The record reflects the following chronology of events. On July 20,
2007, complainant and the agency entered into a settlement agreement.
The settlement agreement provided, in pertinent part, that:
3. The agency agrees that:
a. The agency will cancel the personnel action effecting the
complainant's resignation from his position effective [November
25, 2006].
b. The agency will execute a personnel action placing the complainant
on Leave Without Pay status effective [November 25, 2006] to the date
his reassignment to his new position becomes effective.
c. The agency will reassign the complainant as a reemployed
annuitant to a Non-supervisory Human Resources Specialist,
YA-201-2, with emphasis in LMER, at the Kaiserslautern Civilian
Personnel Advisory Center, Kaiserslautern, Germany with a 3-year
term appointment. The complainant will have a reporting date
of not later then sixty days from date of the last signature is
affixed to this agreement. The agency will pay permanent change
of station (PCS) costs.
d. The complainant's initial annual salary at his new position will
be $79,652.00.
By letter to the agency dated October 3, 2007, complainant alleged that
the agency was in breach of the settlement agreement, and requested
that the agency reinstate his underlying complaint from the point
processing ceased.
In its final decision, dated December 17, 2007, the agency found no
breach. Nevertheless, the agency provided complainant with the option
of reinstating his underlying complaint and returning the parties to the
status quo ante due because it was found that provision 3(c) contained an
ambiguous phrase. Specifically, the agency decision-maker stated that,
"I find that the activity has complied with terms 3(a) and 3(b) of the
[settlement agreement]. Additionally, I find that the agency has complied
with Term 3(c), however, that term contains an ambiguous phrase ("emphasis
on LMER"), about which the parties do not agree. Accordingly, you have 15
(fifteen) days from the date of this decision in which to decide if you
wish to rescind the agreement in its entirety, and reinstate your formal
complaint of discrimination. If you choose to reinstate your complaint,
the entire [settlement agreement] will be voided, and the parties will
return to status quo ante (i.e., the conditions they were in at the time
before the agreement was reached)." The agency's final determination
also offered appeal rights to the Commission.

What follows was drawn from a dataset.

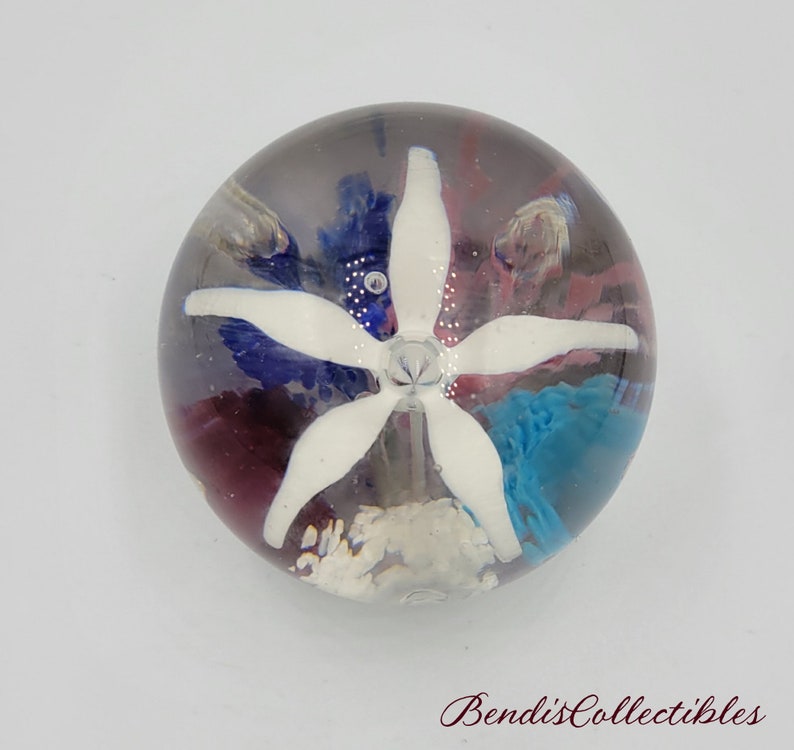 May include: A clear glass paperweight with a white flower inside. The flower has five petals and is surrounded by blue, pink, and white swirls.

Complainant did not file an appeal from the agency's December 17, 2007
final determination; rather, complainant submitted a letter to the agency
dated December 28, 2007, requesting that the settlement agreement be
rescinded, his complaint be reinstated, and the parties be returned to
the status quo ante. Specifically, complainant stated, in pertinent
part, that "[i]t is my understanding that you have decided to permit
me to rescind the agreement in its entirety, and reinstate my formal
complaint of discrimination. And, if I choose to do so, the parties
will return to status quo ante, i.e., the conditions we were in at the
time before the agreement was reached. Please consider this my formal
request to rescind the agreement and return to the status quo ante."

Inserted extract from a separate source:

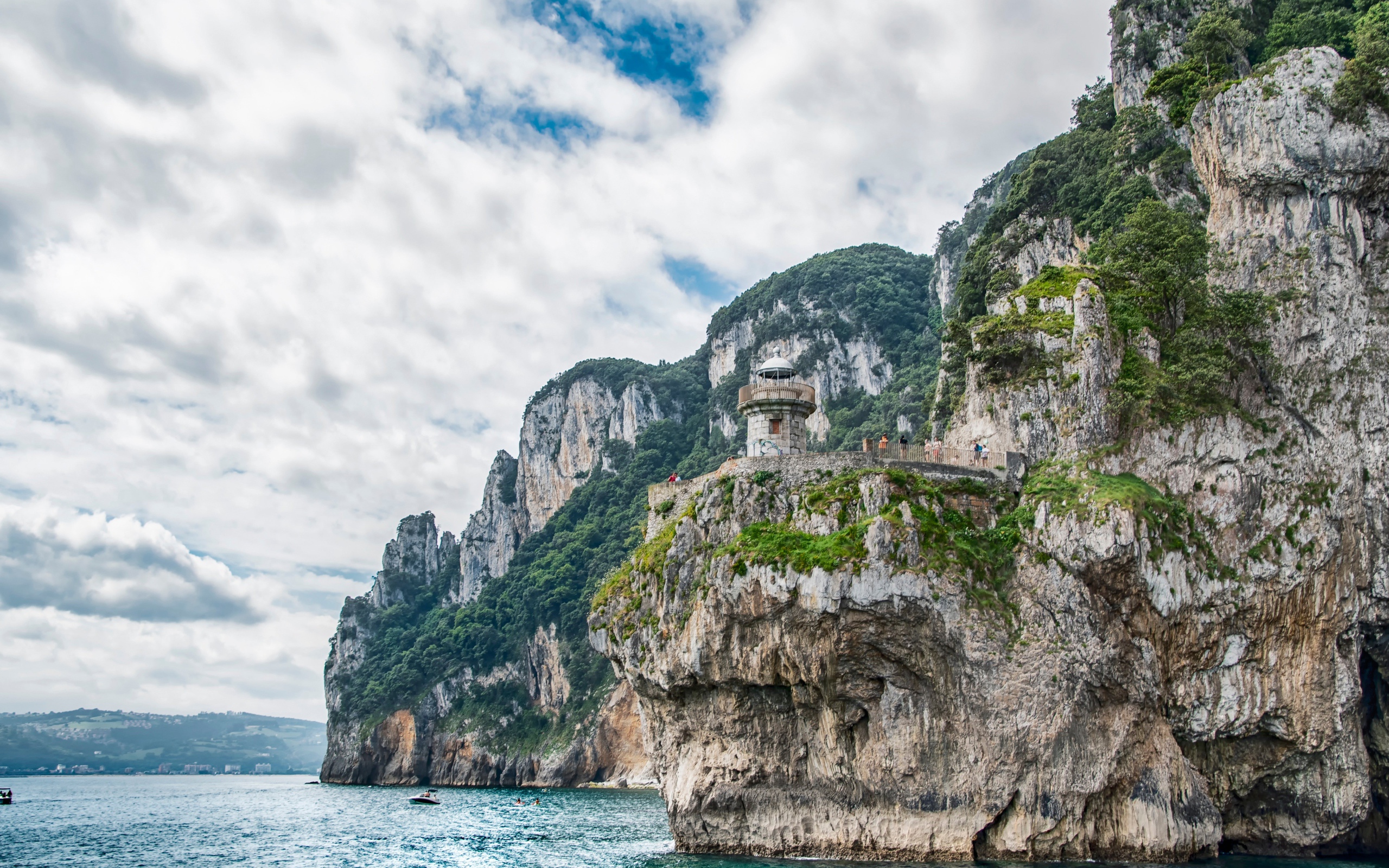 Высокие скалы у моря под белыми облаками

In response, the agency issued a letter dated January 22, 2008 to
complainant. Therein, the agency acknowledged receipt of complainant's
December 28, 2007 letter. In addition, the agency, in its January 22,
2008 letter, issued the following Order:
Within 30 (thirty) calendar days of the date that this Order is
received, Camp Humphreys, Area IV Support Activity, is ordered to
notify complainant of his return to the status quo prior to the signing
of the settlement agreement and that his complaint be reinstated.
Complainant shall be notified that in order to return to the status quo
ante, he must return any benefits received pursuant to the agreement.
The agency shall determine any return of consideration of benefits due
from the complainant, within 30 (thirty) calendar days of the date this
decision is received and shall include such information in the notice
to complainant.
After complainant returns all benefits given him as a result of the
settlement agreement, ...the agency shall resume processing complainant's
complaint from the point processing ceased..."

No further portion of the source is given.